Africa ‘needs to build resilience’

Former African Union Commission chairperson Dr Nkosazana Dlamini-Zuma. Photo: Gallo Images

Former African Union Commission chairperson Dr Nkosazana Dlamini-Zuma. Photo: Gallo Images

Commodity price collapse shows vulnerability as Africa still exports mainly raw materials.

The ongoing drought South Africa is grappling with is a continental problem, says African Union Commission chairperson Nkosazana Dlamini-Zuma.

On the flip side of the coin, floods were having an increasingly negative effect on Africa.

According to Dlamini-Zuma, a humanitarian response was required to provide food security and support the farmers and families who would be forced to get rid of their productive assets without assistance.

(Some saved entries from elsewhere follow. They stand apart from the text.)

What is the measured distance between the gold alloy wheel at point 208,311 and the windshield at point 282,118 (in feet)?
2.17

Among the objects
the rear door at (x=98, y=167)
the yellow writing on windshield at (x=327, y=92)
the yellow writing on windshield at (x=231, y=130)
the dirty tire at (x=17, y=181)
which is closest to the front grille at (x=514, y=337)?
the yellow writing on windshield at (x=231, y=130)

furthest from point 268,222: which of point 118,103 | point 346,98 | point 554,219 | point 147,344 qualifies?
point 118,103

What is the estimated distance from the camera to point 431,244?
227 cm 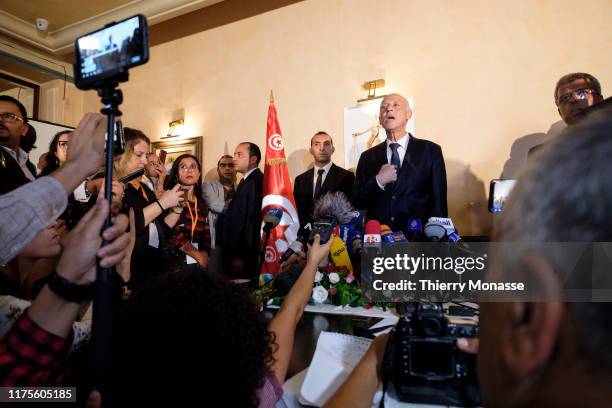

She said nearly 50% of all emergency food assistance to Africa was due to natural disasters and it was necessary to build greater resilience.

Possible interventions included climate-smart agriculture, reforestation and investment in irrigation and storage infrastructure to build collective food security at country, regional and continental levels.

She also queried the state of the continent’s disaster management and the financing and insurance thereof, adding that industrialisation was key to building resilience.

“The commodity price collapse showed that we remain extremely vulnerable, because we continue to export mainly raw materials. So our mantra of industrialisation, economic diversification and agricultural transformation and agroprocessing must remain our focus.

“The practical solutions and actions we propose must alleviate suffering, but, above all, give our people hope that we are a leadership determined and capable to change the fate of Africa and set it on a new path, breaking the cycles of dependency and vulnerability,” Dlamini-Zuma said.

Economic growth estimates have been adjusted downwards as commodity prices continued to plummet.

Post-2000, Africa had recorded an “impressive” turnaround to an average economic growth of 5% a year compared with 2% in the 1980s and early 1990s.